Friday, July 18, 2025

A Drop of Good News Falls From the Pervasive Dark Clouds of Doom!

 



Something good has actually happened for the future of democracy someplace! Not in the U.S., natch, but in the land of Viginia Woolf and Thomas Hobbes. You know, our (one-time) close ally, England. Those hiding in their American basements between their meat freezers and their dart boards may wonder what it is that I believe ought have their populace absolutely chuffed. So, I will keep them in suspense no longer: ENGLAND HAVE/HAS LOWERED THE VOTING AGE IN NATIONAL ELECTIONS TO 16! 

There will, no doubt, be those who doubt that  this is really a good thing. In fact, the U.S. is home to a burgeoning new movement that advocates for the removal of suffrage from women (or, I suppose, those assigned Female at birth, or conception, or whatever this group thinks is the Godly way to put this sought after restriction). What those concerned gentlemen (mostly gents, anyhow) are quite sure of is that women don't "have what it takes" to be allowed to make a difference in their country based on their views--unless any difference-making opportunity they're given consists solely in begging their husbands, and that is something for which I think it's deemed OK by this group to beat them.

Now, of course, the proportion of the U.S. population that denies that 16- and 17-year olds have the mysterious something required to be eligible for voting rights is considerably larger than the fringe group that would remove women's suffrage. Indeed, the anti-youth vote segment even contains multitudes of women! It's not a marginal group at all. It's just those people who can be heard to say, "Teens simply aren't ready. I mean, have you ever talked to one? Let me get Bracey away from his screens for a minute and you'll see what I mean!"

These sorts of pronouncements aren't new: "They don't pay taxes! They don't know anything! They can't buy a rifle or get a mortgage! They never work! They don't care about anything but video games, halter top styles, muffin recipes, fantasy football or porn! For heaven's sake, if you think about this even for a minute, you'll see that it's a ridiculous-- even disgusting--idea!"

Of course, the same charges have long been--and in numerous quarters still are--aimed at non-caucasions--regardless of gender. 

I discuss this matter at some length in Chapter 6 of my book on democratic theory (which if you haven't yet read in its entirety, tsk, tsk). However, I am so delighted at seeing this news about what's happening in the Parliamentary world of dear Bertie that I will provide an excerpt from that book here. [For those who are already sick of reading at this point, the bottom line is: midteens should be allowed to vote, and democracy is that much worse where this right is not granted.]

First, there are a few pages spent on discussing the numerous arguments that have been brought against teen voting for centuries. I omit them here, as well as any footnotes to what I will reproduce. The text continues as follows:

So, what should voters be able to do? According to Vivian Hamilton (2011, 53), “a minimally competent voting decision involves the appropriate application and coordination of various reasoning processes to make a choice that could be justified by a good reason.” This is because, on her view (2011, 52-62), the ability to cast a non-random vote requires minimal competence in all of the following:

• The ability to learn and retrieve information.

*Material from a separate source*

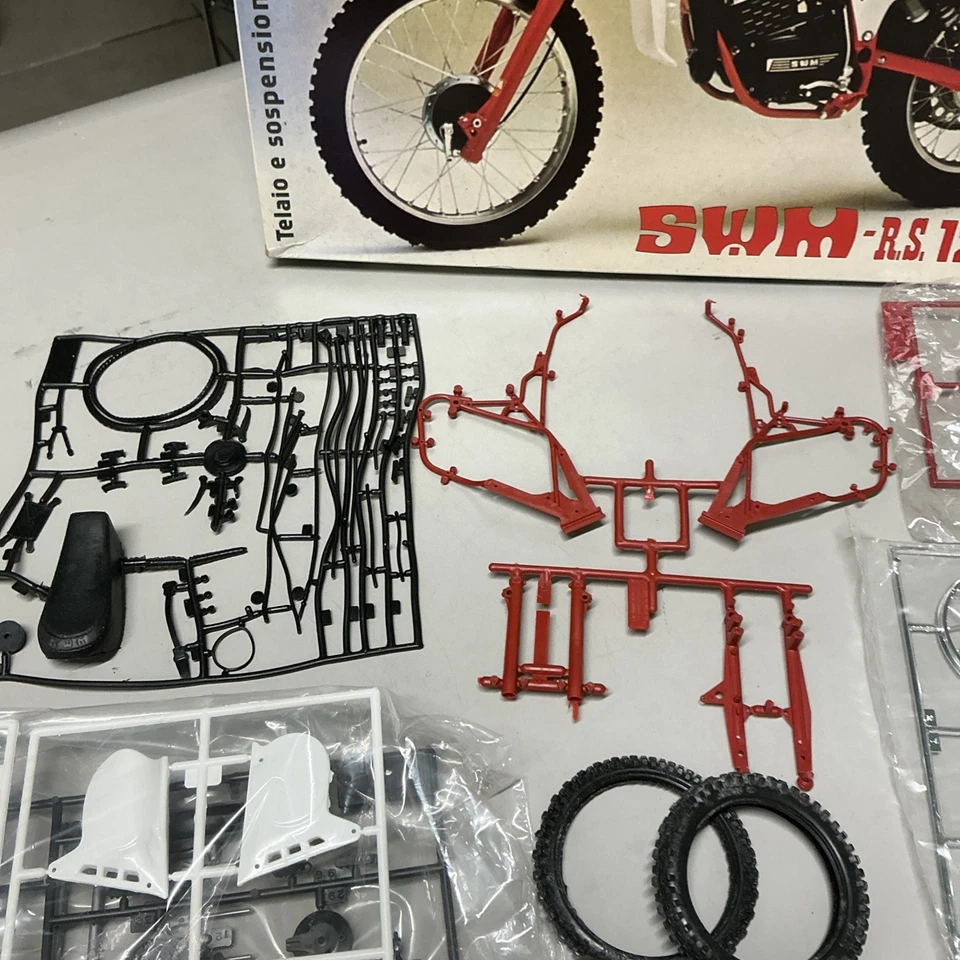 PROTAR SWM R.S. 125 M.C. Moto Modellino 1/9 IN PLASTICA | NUOVO | Kit Da Montare - Immagine 4 di 4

• The ability to form mental representations of information.

• At least some ability to reason inductively, deductively and analogically.

• The ability to apply and coordinate reasoned inferences to some goal, like the solving of a problem or the making of a decision.

Once there is agreement on these, settling on a minimum voting age is simply a matter of consulting the literature on the stages of psychological development. That is precisely what Hamilton does, with patience and care. I will not rehearse her generous summary of the research here, but simply report the absolutely decisive conclusion that, (i) prior to the mid-teens (i.e., 16 or thereabouts) there is, on average, arguably insufficient maturity to meet Hamilton’s criteria; and (ii) after the mid-teens, there is, on average, no development in those areas significant enough to be declared relevant.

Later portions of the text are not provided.